◆ ACTIVITY ◆
What is needed is a word-for-word transcription of every record below.

[Stored data entries]

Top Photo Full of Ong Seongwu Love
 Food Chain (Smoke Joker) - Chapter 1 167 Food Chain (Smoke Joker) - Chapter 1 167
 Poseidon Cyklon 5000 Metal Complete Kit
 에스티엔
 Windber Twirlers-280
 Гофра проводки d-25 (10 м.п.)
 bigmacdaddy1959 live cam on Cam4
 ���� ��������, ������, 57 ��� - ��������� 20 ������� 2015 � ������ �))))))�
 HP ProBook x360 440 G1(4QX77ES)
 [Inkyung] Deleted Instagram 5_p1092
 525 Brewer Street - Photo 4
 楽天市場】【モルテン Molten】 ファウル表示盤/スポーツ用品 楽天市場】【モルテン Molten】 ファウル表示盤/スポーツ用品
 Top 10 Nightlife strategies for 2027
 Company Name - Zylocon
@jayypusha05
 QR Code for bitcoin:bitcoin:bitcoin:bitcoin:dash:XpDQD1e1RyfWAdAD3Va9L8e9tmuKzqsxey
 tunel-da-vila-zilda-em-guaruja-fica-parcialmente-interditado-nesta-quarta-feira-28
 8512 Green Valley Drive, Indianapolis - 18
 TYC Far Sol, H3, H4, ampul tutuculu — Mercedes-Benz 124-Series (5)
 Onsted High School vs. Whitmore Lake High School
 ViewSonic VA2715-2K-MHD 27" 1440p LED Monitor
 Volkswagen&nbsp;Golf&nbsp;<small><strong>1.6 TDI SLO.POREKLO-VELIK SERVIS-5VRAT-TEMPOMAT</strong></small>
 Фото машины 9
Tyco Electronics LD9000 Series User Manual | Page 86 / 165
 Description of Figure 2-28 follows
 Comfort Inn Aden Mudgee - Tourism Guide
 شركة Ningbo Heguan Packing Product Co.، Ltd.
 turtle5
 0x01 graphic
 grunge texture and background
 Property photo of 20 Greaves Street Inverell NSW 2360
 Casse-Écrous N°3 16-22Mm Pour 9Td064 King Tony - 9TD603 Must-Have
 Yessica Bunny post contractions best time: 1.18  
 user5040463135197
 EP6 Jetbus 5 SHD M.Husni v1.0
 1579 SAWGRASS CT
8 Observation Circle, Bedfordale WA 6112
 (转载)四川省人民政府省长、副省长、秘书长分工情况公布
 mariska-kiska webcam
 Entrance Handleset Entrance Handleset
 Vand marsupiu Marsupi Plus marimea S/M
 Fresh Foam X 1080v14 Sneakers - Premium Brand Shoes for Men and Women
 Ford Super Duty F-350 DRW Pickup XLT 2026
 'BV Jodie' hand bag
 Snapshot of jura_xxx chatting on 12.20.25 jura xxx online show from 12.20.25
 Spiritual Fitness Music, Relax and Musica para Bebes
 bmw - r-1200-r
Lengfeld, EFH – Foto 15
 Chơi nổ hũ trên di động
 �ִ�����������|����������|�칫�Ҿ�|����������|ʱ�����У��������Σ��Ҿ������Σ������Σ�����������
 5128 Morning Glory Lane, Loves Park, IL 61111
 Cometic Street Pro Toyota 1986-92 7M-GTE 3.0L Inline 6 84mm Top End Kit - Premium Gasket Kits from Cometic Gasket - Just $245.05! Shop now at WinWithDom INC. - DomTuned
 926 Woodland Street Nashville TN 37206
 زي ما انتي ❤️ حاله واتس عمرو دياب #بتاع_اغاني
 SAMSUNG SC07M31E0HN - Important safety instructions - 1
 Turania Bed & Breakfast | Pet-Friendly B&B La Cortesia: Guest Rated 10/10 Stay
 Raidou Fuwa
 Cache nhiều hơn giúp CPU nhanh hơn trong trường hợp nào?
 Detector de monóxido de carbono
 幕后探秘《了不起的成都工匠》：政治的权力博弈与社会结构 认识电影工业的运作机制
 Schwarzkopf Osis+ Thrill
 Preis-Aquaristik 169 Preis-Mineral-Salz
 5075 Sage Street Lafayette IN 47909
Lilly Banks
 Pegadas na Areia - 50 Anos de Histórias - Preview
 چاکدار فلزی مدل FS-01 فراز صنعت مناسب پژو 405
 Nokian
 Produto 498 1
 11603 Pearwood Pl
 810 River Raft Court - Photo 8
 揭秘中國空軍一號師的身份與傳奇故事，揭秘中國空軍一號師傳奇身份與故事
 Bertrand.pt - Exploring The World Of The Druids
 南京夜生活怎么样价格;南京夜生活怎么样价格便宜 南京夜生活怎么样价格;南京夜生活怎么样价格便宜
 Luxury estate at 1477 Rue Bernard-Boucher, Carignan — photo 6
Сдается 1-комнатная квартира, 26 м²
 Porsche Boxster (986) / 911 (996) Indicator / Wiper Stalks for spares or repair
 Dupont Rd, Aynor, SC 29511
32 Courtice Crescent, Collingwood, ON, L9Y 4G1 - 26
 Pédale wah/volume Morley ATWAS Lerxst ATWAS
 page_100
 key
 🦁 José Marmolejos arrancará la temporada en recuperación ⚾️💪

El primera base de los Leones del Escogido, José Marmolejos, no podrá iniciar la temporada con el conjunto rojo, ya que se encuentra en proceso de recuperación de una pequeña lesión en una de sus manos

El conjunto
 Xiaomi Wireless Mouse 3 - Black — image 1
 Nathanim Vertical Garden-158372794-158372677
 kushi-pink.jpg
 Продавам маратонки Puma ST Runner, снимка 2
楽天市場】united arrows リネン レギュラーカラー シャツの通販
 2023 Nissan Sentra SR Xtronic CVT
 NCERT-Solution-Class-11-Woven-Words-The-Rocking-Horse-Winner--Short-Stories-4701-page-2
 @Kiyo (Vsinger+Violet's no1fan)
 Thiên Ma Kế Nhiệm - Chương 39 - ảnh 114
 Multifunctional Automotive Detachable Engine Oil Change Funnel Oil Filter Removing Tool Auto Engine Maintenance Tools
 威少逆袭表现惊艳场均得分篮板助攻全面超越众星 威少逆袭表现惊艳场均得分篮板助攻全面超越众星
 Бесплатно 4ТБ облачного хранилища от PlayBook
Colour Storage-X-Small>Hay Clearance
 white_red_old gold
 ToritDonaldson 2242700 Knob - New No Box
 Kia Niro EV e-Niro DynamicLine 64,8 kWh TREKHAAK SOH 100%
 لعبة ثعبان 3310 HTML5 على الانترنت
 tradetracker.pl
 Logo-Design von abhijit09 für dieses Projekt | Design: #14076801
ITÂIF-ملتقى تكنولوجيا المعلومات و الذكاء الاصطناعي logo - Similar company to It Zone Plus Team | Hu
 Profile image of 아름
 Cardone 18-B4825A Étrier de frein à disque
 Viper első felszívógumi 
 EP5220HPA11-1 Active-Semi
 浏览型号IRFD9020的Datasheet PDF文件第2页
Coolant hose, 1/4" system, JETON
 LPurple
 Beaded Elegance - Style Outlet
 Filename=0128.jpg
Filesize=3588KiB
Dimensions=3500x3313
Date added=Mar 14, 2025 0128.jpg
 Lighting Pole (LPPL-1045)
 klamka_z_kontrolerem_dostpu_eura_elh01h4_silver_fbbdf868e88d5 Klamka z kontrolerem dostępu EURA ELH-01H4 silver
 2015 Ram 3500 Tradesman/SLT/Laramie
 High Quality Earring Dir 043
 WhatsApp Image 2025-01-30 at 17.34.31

◆ YOUR SOLUTION ◆
Top Photo Full of Ong Seongwu Love
 Food Chain (Smoke Joker) - Chapter 1 167 Food Chain (Smoke Joker) - Chapter 1 167
 Poseidon Cyklon 5000 Metal Complete Kit
 에스티엔
 Windber Twirlers-280
 Гофра проводки d-25 (10 м.п.)
 bigmacdaddy1959 live cam on Cam4
 ���� ��������, ������, 57 ��� - ��������� 20 ������� 2015 � ������ �))))))�
 HP ProBook x360 440 G1(4QX77ES)
 [Inkyung] Deleted Instagram 5_p1092
 525 Brewer Street - Photo 4
 楽天市場】【モルテン Molten】 ファウル表示盤/スポーツ用品 楽天市場】【モルテン Molten】 ファウル表示盤/スポーツ用品
 Top 10 Nightlife strategies for 2027
 Company Name - Zylocon
@jayypusha05
 QR Code for bitcoin:bitcoin:bitcoin:bitcoin:dash:XpDQD1e1RyfWAdAD3Va9L8e9tmuKzqsxey
 tunel-da-vila-zilda-em-guaruja-fica-parcialmente-interditado-nesta-quarta-feira-28
 8512 Green Valley Drive, Indianapolis - 18
 TYC Far Sol, H3, H4, ampul tutuculu — Mercedes-Benz 124-Series (5)
 Onsted High School vs. Whitmore Lake High School
 ViewSonic VA2715-2K-MHD 27" 1440p LED Monitor
 Volkswagen&nbsp;Golf&nbsp;<small><strong>1.6 TDI SLO.POREKLO-VELIK SERVIS-5VRAT-TEMPOMAT</strong></small>
 Фото машины 9
Tyco Electronics LD9000 Series User Manual | Page 86 / 165
 Description of Figure 2-28 follows
 Comfort Inn Aden Mudgee - Tourism Guide
 شركة Ningbo Heguan Packing Product Co.، Ltd.
 turtle5
 0x01 graphic
 grunge texture and background
 Property photo of 20 Greaves Street Inverell NSW 2360
 Casse-Écrous N°3 16-22Mm Pour 9Td064 King Tony - 9TD603 Must-Have
 Yessica Bunny post contractions best time: 1.18  
 user5040463135197
 EP6 Jetbus 5 SHD M.Husni v1.0
 1579 SAWGRASS CT
8 Observation Circle, Bedfordale WA 6112
 (转载)四川省人民政府省长、副省长、秘书长分工情况公布
 mariska-kiska webcam
 Entrance Handleset Entrance Handleset
 Vand marsupiu Marsupi Plus marimea S/M
 Fresh Foam X 1080v14 Sneakers - Premium Brand Shoes for Men and Women
 Ford Super Duty F-350 DRW Pickup XLT 2026
 'BV Jodie' hand bag
 Snapshot of jura_xxx chatting on 12.20.25 jura xxx online show from 12.20.25
 Spiritual Fitness Music, Relax and Musica para Bebes
 bmw - r-1200-r
Lengfeld, EFH – Foto 15
 Chơi nổ hũ trên di động
 �ִ�����������|����������|�칫�Ҿ�|����������|ʱ�����У��������Σ��Ҿ������Σ������Σ�����������
 5128 Morning Glory Lane, Loves Park, IL 61111
 Cometic Street Pro Toyota 1986-92 7M-GTE 3.0L Inline 6 84mm Top End Kit - Premium Gasket Kits from Cometic Gasket - Just $245.05! Shop now at WinWithDom INC. - DomTuned
 926 Woodland Street Nashville TN 37206
 زي ما انتي ❤️ حاله واتس عمرو دياب #بتاع_اغاني
 SAMSUNG SC07M31E0HN - Important safety instructions - 1
 Turania Bed & Breakfast | Pet-Friendly B&B La Cortesia: Guest Rated 10/10 Stay
 Raidou Fuwa
 Cache nhiều hơn giúp CPU nhanh hơn trong trường hợp nào?
 Detector de monóxido de carbono
 幕后探秘《了不起的成都工匠》：政治的权力博弈与社会结构 认识电影工业的运作机制
 Schwarzkopf Osis+ Thrill
 Preis-Aquaristik 169 Preis-Mineral-Salz
 5075 Sage Street Lafayette IN 47909
Lilly Banks
 Pegadas na Areia - 50 Anos de Histórias - Preview
 چاکدار فلزی مدل FS-01 فراز صنعت مناسب پژو 405
 Nokian
 Produto 498 1
 11603 Pearwood Pl
 810 River Raft Court - Photo 8
 揭秘中國空軍一號師的身份與傳奇故事，揭秘中國空軍一號師傳奇身份與故事
 Bertrand.pt - Exploring The World Of The Druids
 南京夜生活怎么样价格;南京夜生活怎么样价格便宜 南京夜生活怎么样价格;南京夜生活怎么样价格便宜
 Luxury estate at 1477 Rue Bernard-Boucher, Carignan — photo 6
Сдается 1-комнатная квартира, 26 м²
 Porsche Boxster (986) / 911 (996) Indicator / Wiper Stalks for spares or repair
 Dupont Rd, Aynor, SC 29511
32 Courtice Crescent, Collingwood, ON, L9Y 4G1 - 26
 Pédale wah/volume Morley ATWAS Lerxst ATWAS
 page_100
 key
 🦁 José Marmolejos arrancará la temporada en recuperación ⚾️💪

El primera base de los Leones del Escogido, José Marmolejos, no podrá iniciar la temporada con el conjunto rojo, ya que se encuentra en proceso de recuperación de una pequeña lesión en una de sus manos

El conjunto
 Xiaomi Wireless Mouse 3 - Black — image 1
 Nathanim Vertical Garden-158372794-158372677
 kushi-pink.jpg
 Продавам маратонки Puma ST Runner, снимка 2
楽天市場】united arrows リネン レギュラーカラー シャツの通販
 2023 Nissan Sentra SR Xtronic CVT
 NCERT-Solution-Class-11-Woven-Words-The-Rocking-Horse-Winner--Short-Stories-4701-page-2
 @Kiyo (Vsinger+Violet's no1fan)
 Thiên Ma Kế Nhiệm - Chương 39 - ảnh 114
 Multifunctional Automotive Detachable Engine Oil Change Funnel Oil Filter Removing Tool Auto Engine Maintenance Tools
 威少逆袭表现惊艳场均得分篮板助攻全面超越众星 威少逆袭表现惊艳场均得分篮板助攻全面超越众星
 Бесплатно 4ТБ облачного хранилища от PlayBook
Colour Storage-X-Small>Hay Clearance
 white_red_old gold
 ToritDonaldson 2242700 Knob - New No Box
 Kia Niro EV e-Niro DynamicLine 64,8 kWh TREKHAAK SOH 100%
 لعبة ثعبان 3310 HTML5 على الانترنت
 tradetracker.pl
 Logo-Design von abhijit09 für dieses Projekt | Design: #14076801
ITÂIF-ملتقى تكنولوجيا المعلومات و الذكاء الاصطناعي logo - Similar company to It Zone Plus Team | Hu
 Profile image of 아름
 Cardone 18-B4825A Étrier de frein à disque
 Viper első felszívógumi 
 EP5220HPA11-1 Active-Semi
 浏览型号IRFD9020的Datasheet PDF文件第2页
Coolant hose, 1/4" system, JETON
 LPurple
 Beaded Elegance - Style Outlet
 Filename=0128.jpg
Filesize=3588KiB
Dimensions=3500x3313
Date added=Mar 14, 2025 0128.jpg
 Lighting Pole (LPPL-1045)
 klamka_z_kontrolerem_dostpu_eura_elh01h4_silver_fbbdf868e88d5 Klamka z kontrolerem dostępu EURA ELH-01H4 silver
 2015 Ram 3500 Tradesman/SLT/Laramie
 High Quality Earring Dir 043
 WhatsApp Image 2025-01-30 at 17.34.31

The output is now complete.